◆ MATERIAL FOR THIS EXERCISE
────────

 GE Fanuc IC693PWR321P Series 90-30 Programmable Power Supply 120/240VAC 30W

────────

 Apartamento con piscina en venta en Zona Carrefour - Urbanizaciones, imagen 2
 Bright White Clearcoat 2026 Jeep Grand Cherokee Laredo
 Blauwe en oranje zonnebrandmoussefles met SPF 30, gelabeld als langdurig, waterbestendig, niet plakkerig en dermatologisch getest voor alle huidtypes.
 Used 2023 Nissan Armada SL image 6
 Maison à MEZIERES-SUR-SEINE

────────

Set down again, word for word, the stretch of records from the line with "Apartamento con piscina" to the line with "Bright White Clearcoat", both of those lines included.

◆ REPLY
 Apartamento con piscina en venta en Zona Carrefour - Urbanizaciones, imagen 2
 Bright White Clearcoat 2026 Jeep Grand Cherokee Laredo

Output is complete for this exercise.